The majority of men who failed to satisfy the impotence courts chose not to follow this route. They accepted the harsh reality that their women wanted shot of them.  The ecclesiastical court would then order the marriage to be annulled. Not only did such unfortunate men have to pick up the cost of the action (and refund their ex-wives both the court charges and the wedding dowry), they also had to live out their lives with the ignominy and could never marry again. Some were simply miserable, many went mad and there are reports of men having died from embarrassment.

Any individual who elected to go to Trial by Congress would then be required, with suitable examination of both parties beforehand and afterwards, to perform the sexual act with his estranged wife in front of a panel of experts - doctors, midwives and priests - to prove beyond a doubt that he possessed the ability to procreate. Such men were either masochists or desperate to hang onto a wife for her money. If he succeeded, the marriage stood. If he failed, he effectively lost everything.

Apparently there were as many as 10,000 such trials in France in the 16th century. I am sure there were some, perhaps many, women who deserved to be free of their husbands (for a whole variety of reasons) and the mechanism of the impotence courts served them well. I am equally sure there were many men who were ill-served by the processes outlined above. Thankfully we are slightly more civilised about it all six hundred years down the line.

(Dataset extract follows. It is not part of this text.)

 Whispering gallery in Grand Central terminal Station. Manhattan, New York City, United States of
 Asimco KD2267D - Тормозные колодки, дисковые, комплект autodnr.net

And so to this week's poem, which seeks to furnish some light-hearted relief at the end of what has proved a deeply disturbing journey through the mores of our (French) ancestral past. If it sounds somewhat puerile, blame it on regression caused by shock! It attempts to put a positive spin on the whole thing - as why wouldn't it?

Arise Sir Loin!
Arise, Sir Loin,
knight of the wronged wives.
Spring forth
and put these pining plaintiffs
to the sword of pleasure.
Stay strong,
bury your measure up to the hilt
in their treasure
and feel no guilt
for our country loves
your gallant stand
and in so servicing the ladies
you do serve the Lord.
Ride glorious then,
ride on at His command
till kingdom come,
that when at last
your lancing days are done,
all your good seed being sown,
you may withdraw at leisure
to hang your head with pride.


Thanks for reading. May all your Easter rabbits be generous, S ;-)
Reactions:

9 comments:

Anonymous said...

Holy moly! I've heard the 'it won't stand up in court' punchline before but I never realised stuff like this lay behind it.

Anonymous said...

No way!

Anonymous said...

the eiffle tower didn't even exist in the 16th century

Steve Rowland said...

No sh!t, Anon. I think we all know that. (Eiffel, by the way.) What did you think of the blog?

Anonymous said...

Scary if true.

Matt West said...

Upstanding blog! :-D

Anonymous said...

Scarily strange, that's true! Your poem made me smile.

Anonymous said...

Very naughty ;-)

Anonymous said...

"..hang your head with pride" - very clever inversion that. Also, regarding those courts, nothing would surprise me - bonkers as you said.